Skip to main content

Overview

The Hybrid Runner acts as a proxy between the Collate Server and the workflow executor running in your cluster (Argo Workflows or the built-in Simple Kubernetes executor). Collate doesn’t store or access your data source secrets. Those are managed entirely within your infrastructure and retrieved at runtime by the Runner.

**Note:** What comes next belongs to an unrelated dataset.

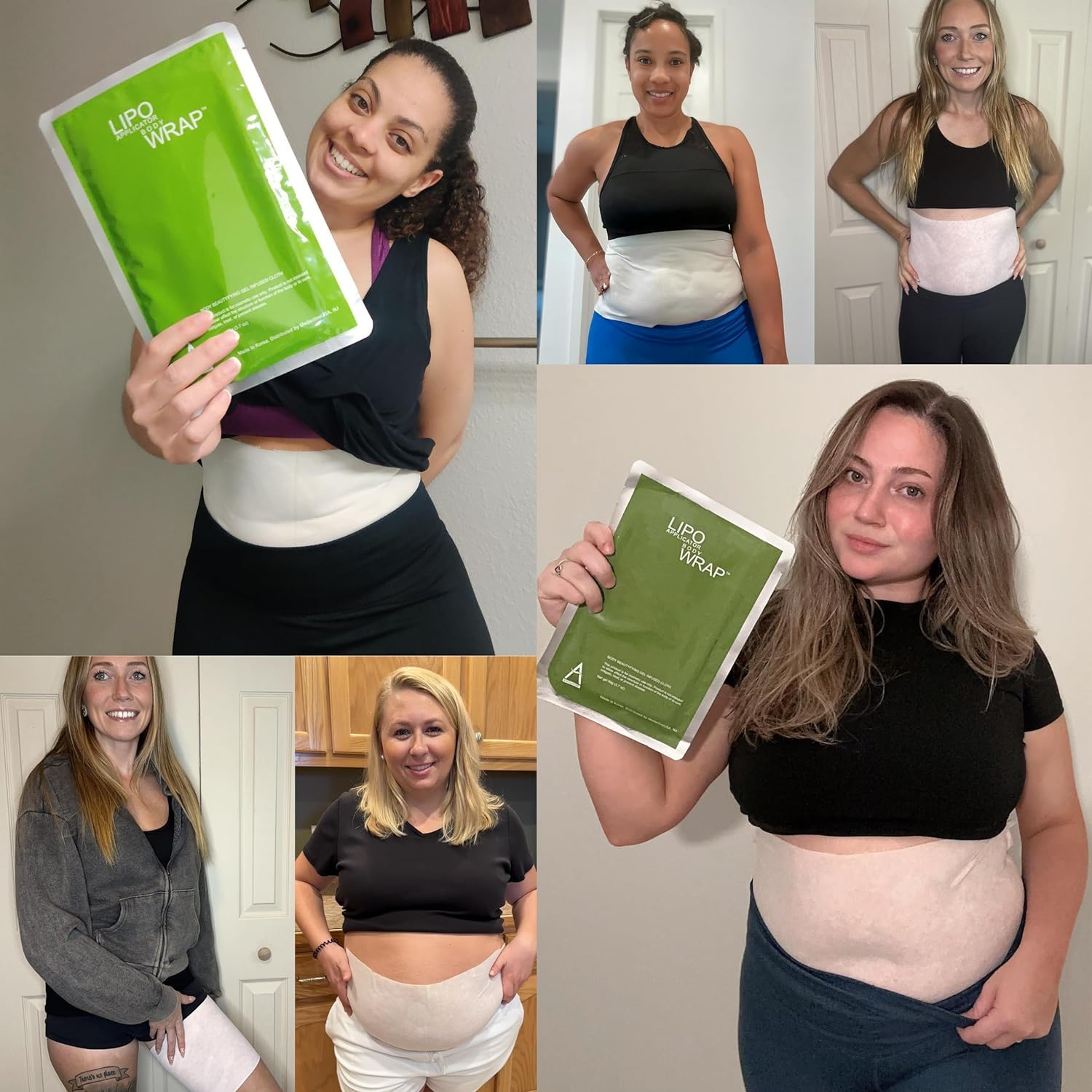 Lipo Applicator Ultimate Body Wrap con algas marinas y té verde para piel hidratada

How the Runner Fits Into Collate

  • WebSocket Outbound Connection Model: The Hybrid Runner establishes an outbound WebSocket connection using transport layer security (TLS) to your Collate instance. Collate doesn’t initiate any inbound connections to your cluster.
  • Secrets Resolution at Runtime: The Runner resolves connector credentials from your configured secrets store at ingestion time. They’re never stored in or transmitted to Collate.
  • No Inbound Access from Collate: Your cluster doesn’t need to accept any inbound connections. Port 443 egress to *.getcollate.io is required for the Hybrid Runner’s outbound WebSocket control-plane connection to Collate. Your cluster may also need egress to your container registry, cloud secrets manager, and data source systems depending on your configuration.
Note: The Hybrid Runner runs inside your own Kubernetes cluster. A team member familiar with Kubernetes and Helm can get it up and running in a few minutes.

Architecture Overview

Hybrid Runner architecture diagram showing the WebSocket connection between Collate SaaS and the Hybrid Runner, and the flow from Argo Workflows through ingestion pods to Kubernetes Secrets

How the Hybrid Runner Works

The Hybrid Runner connects to Collate over an outbound WebSocket and executes ingestion jobs inside your cluster. Credentials never leave your environment.
  • WebSocket Proxy Model The Hybrid Runner maintains a persistent WebSocket connection to Collate. When you trigger an ingestion job in the Collate UI, the server sends the job configuration to the Runner over this connection.
  • Outbound-Only TLS Connection All traffic is outbound from your cluster. The Runner connects to your Collate instance on port 443 using transport layer security (TLS). Inbound firewall rules aren’t required.
  • Secrets Retrieved at Runtime When an ingestion pod starts, it resolves credentials from your configured secrets store using the secret path specified in the Collate UI connection form. Collate never stores credentials. By default, native Kubernetes Secrets are used—the Helm chart automatically creates the necessary RBAC permissions. You can optionally integrate with a cloud-native secrets manager (AWS Secrets Manager, GCP Secret Manager, or Azure Key Vault) depending on your environment.

Authentication Model

  • IngestionBot JWT Token The Hybrid Runner authenticates to the Collate API using a JSON Web Token (JWT) from the IngestionBot service account. Configure this token as config.authToken in the Helm values file.
  • Token Scope and Lifetime The IngestionBot JWT has no expiration date. Store it securely and treat it as a secret. To know how to obtain JWT, see Obtain Collate JSON Web Token (JWT).

What Is Argo Workflows?

Argo Workflows is a Kubernetes-native workflow orchestration engine. The Hybrid Runner uses Argo to execute and manage individual ingestion jobs as Kubernetes pods.
  • Role in the Ingestion Pipeline When the Runner receives a job from Collate, it submits an Argo Workflow. Argo schedules and monitors the ingestion pod, handles retries, and reports completion status back to the Runner.
  • Installation Argo Workflows is installed when installArgoWorkflows: true is set in your Helm values. The chart default is false — without Argo, the Runner falls back to the Simple Kubernetes executor to run ingestion pods. In multi-instance deployments, a single Argo installation can be shared — set installArgoWorkflows: false on additional Runner instances. See Advanced Configuration. For more information about Argo Workflows, see What is Argo Workflows?.